■ What you need to do:
Set down all of the data exactly. Pictures stay out of the copy.

■ Given information:
________________________________________

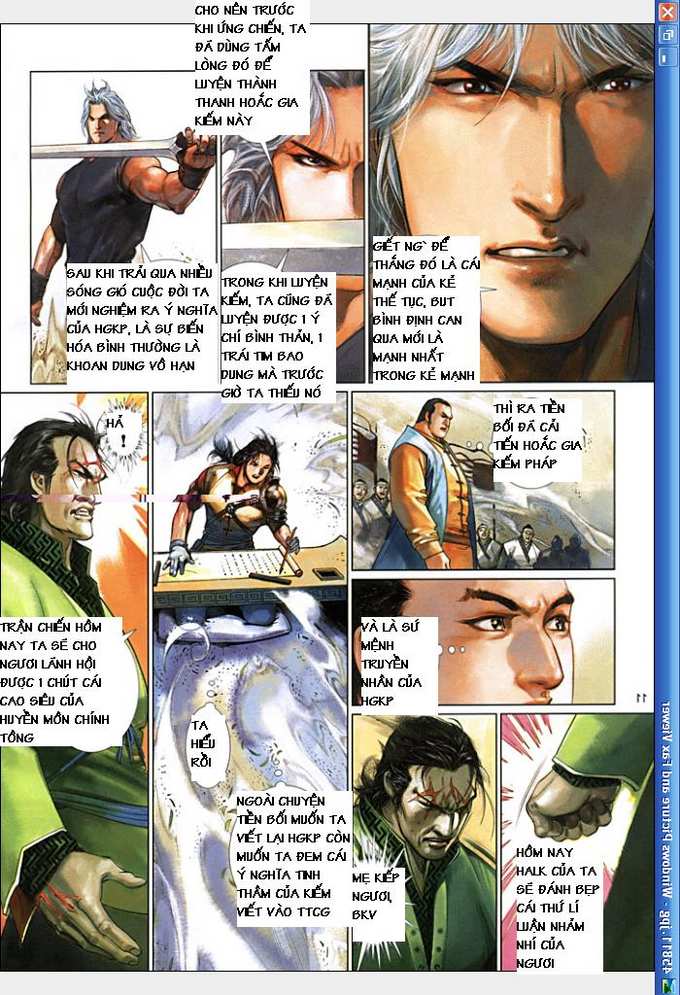 Phong Vân Chapter 458 - Next Chapter 459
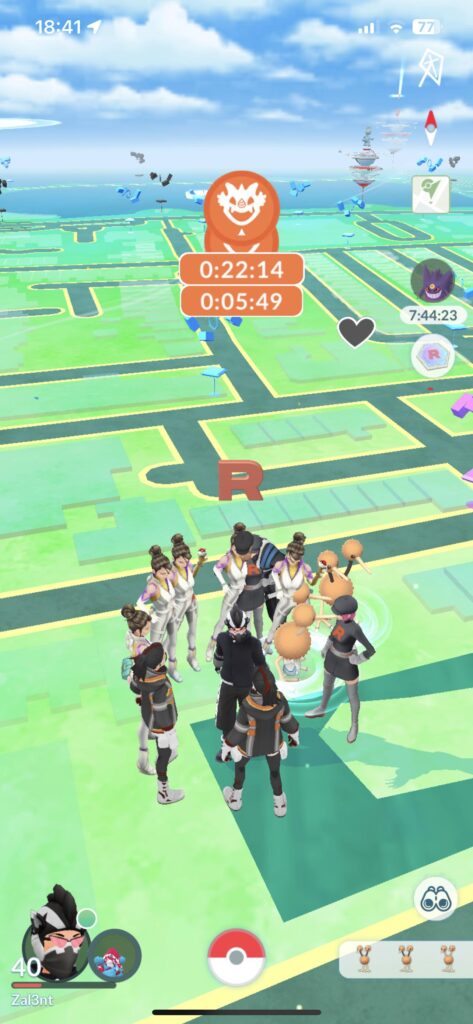 I think I came to the wrong neighbourhood!
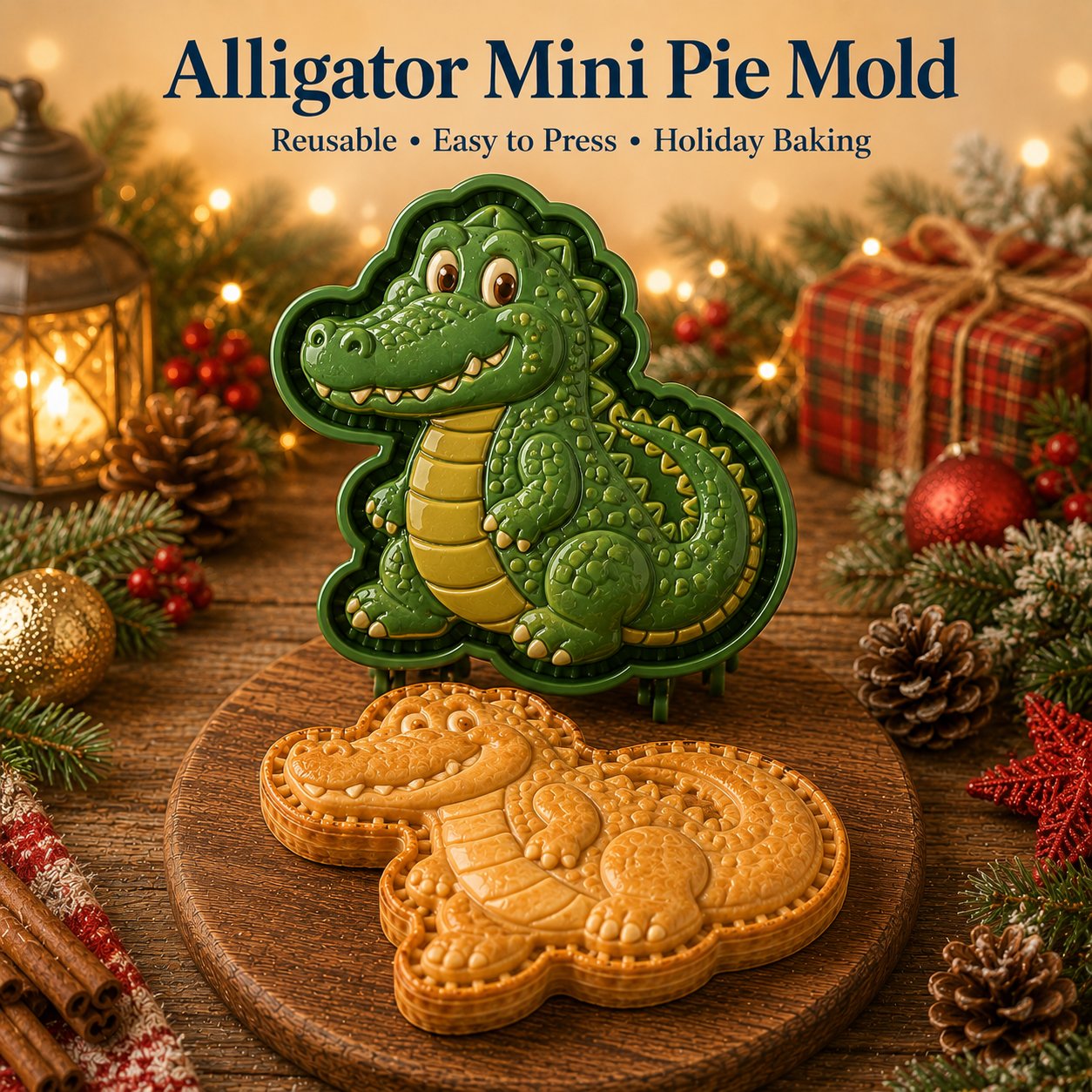 💥Buy 3 Get Free Shipping🔥 🥧 Animal Mini Pie Mold Collection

________________________________________

■ Exercise answer:
 Phong Vân Chapter 458 - Next Chapter 459
 I think I came to the wrong neighbourhood!
 💥Buy 3 Get Free Shipping🔥 🥧 Animal Mini Pie Mold Collection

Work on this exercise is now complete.